| TASK INSTRUCTIONS |
All lines from the one with "Freeride Hostel & Bar" to the end of the entries below must be written out exactly. Leave out any other line.

Records contained in a dataset
● ● ● ● ●

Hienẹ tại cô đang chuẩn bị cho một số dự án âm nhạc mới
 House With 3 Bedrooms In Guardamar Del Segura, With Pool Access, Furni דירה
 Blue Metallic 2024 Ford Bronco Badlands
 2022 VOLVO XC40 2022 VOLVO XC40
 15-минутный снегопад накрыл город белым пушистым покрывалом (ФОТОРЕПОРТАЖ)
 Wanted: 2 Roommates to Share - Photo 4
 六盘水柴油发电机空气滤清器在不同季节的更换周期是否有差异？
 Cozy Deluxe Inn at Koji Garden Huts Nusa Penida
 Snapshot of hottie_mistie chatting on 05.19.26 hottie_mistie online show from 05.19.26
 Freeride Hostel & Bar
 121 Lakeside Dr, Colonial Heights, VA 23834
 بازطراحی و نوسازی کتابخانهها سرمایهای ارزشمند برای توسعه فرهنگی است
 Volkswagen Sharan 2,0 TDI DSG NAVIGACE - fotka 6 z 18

● ● ● ● ●

| ANSWER TO THE PROBLEM |
 Freeride Hostel & Bar
 121 Lakeside Dr, Colonial Heights, VA 23834
 بازطراحی و نوسازی کتابخانهها سرمایهای ارزشمند برای توسعه فرهنگی است
 Volkswagen Sharan 2,0 TDI DSG NAVIGACE - fotka 6 z 18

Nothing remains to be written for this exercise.